社説 沖縄復帰50年 「本土並み」実現せねば

 「沖縄の復帰なくして日本の戦後は終わらない」。山口県選出の首相佐藤栄作がそう述べた沖縄の本土復帰から、きょうで50年を迎えた。

 沖縄は太平洋戦争末期、激しい地上戦で県民の4分の1が命を落とした。27年間もの米軍統治下で辛酸をなめ、沖縄は本土復帰にあたって基地を「本土並み」に減らすよう、強く求めていた。

「平和の島」願う

 しかし今も在日米軍専用施設の70・3%が、国土のわずか0・6%でしかない沖縄に集中する。割合は復帰時の58・8%から逆に増えている。なぜ自分たちだけが基地を押しつけられるのか―。沖縄の人たちの憤りが払拭される状況ではない。

 復帰時に政府と県が共有したのが「沖縄を平和の島にする」という目標だった。その願いがかなっていない現実から私たちは目をそらしてはならない。

 玉城デニー知事は新たな建議書を公表し、沖縄の将来に向けて基地の大幅な整理縮小や日米地位協定の抜本改定などを岸田文雄首相に求めた。沖縄県議会も基地縮小などを求める決議を全会一致で可決した。基地負担に苦しむ沖縄の現状を改めて強調した形である。

 中国新聞社が加盟する共同通信社の調査では、沖縄の基地負担が他の都道府県と比べて「不平等」と回答した人が「どちらかといえば」を含めて79%に上った。本土の人たちも、沖縄の現状には問題があると受け止めているのだろう。

 ただ、基地の一部を沖縄県外で引き取る意見には58%が賛成する一方で、自分が住む地域への移設には69%が反対した。沖縄の立場は理解しても基地が近くに来るのは困るという思いが透けて見える。日米両国の安全保障体制に頼りながら、その負担の多くを沖縄だけに押しつける意識は、改める必要があるのではないか。

新基地反対72%

 安全保障は国家間の取り決めである。本来ならば政府が米国に地位協定改定や基地機能の縮小を求めていくのが筋だ。しかし最近の基地問題は日本政府と沖縄県の対立の構図にしかなっていないのはなぜだろう。

 復帰について協議した1972年1月の日米首脳会談で日本側は沖縄の基地縮小を繰り返し求めた。
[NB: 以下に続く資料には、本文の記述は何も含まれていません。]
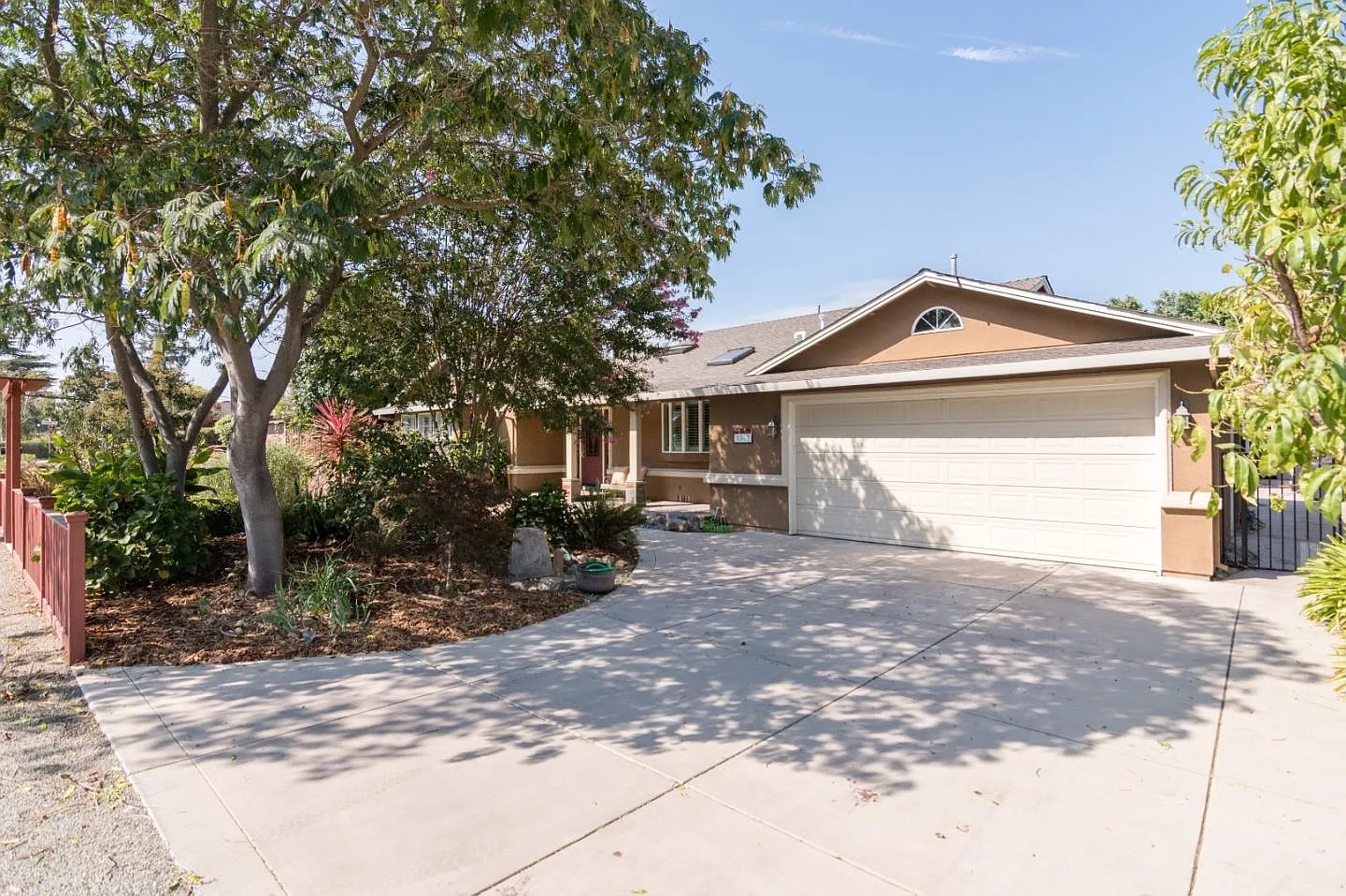 1347 Capri Dr photo 1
佐藤は復帰直後の首相退任時、屋良朝苗知事(当時)に「整理縮小の姿勢と方向性は示されたが具体的に実現できなかった」とわびてもいる。

 先の戦争だけではない。琉球王国だった沖縄は1879年、明治政府により強制的に日本に統合された歴史もある。いつまでも沖縄に本土側の都合を押しつけ続けることは許されない。

 名護市辺野古の新基地建設を巡る2019年2月の県民投票では72%が「反対」の意思を示した。県民の思いをくめば、工事を強行することが最善とはいえないはずだ。

目立つ強権姿勢

 スペインの米軍基地がイタリアに移された例もある。にもかかわらず安倍、菅両政権は米軍普天間飛行場(宜野湾市)移設について「辺野古が唯一の解決策」とごり押ししてきた。新基地建設に反対する故・翁長雄志(おながたけし)知事や玉城知事に強権的な姿勢で応じ、翁長氏が沖縄の思いを伝えようとした際も、菅義偉官房長官(当時)は「私は戦後生まれ。歴史を持ち出されても困る」とまで言い放った。

 岸田政権でも流れは変わっていない。22年度の沖縄振興予算は10年ぶりに3千億円を下回る2680億円に減額された。

 沖縄の県民所得は全国平均の7割しかない。50年にわたる振興計画で13兆円以上を投じてなお格差があるのに適切な対応とはいえまい。新基地に賛成すれば金は出すが、反対すれば干すという姿勢では「分断」はさらに深まるだけだろう。

 岸田首相は原爆に見舞われた広島県選出である。沖縄と痛みを共有できると思う―。玉城知事は何度も期待感を口にしてきた。被爆地の首相として沖縄に寄り添ってもらいたい。それが日本という平和国家を率いる指導者にはふさわしい。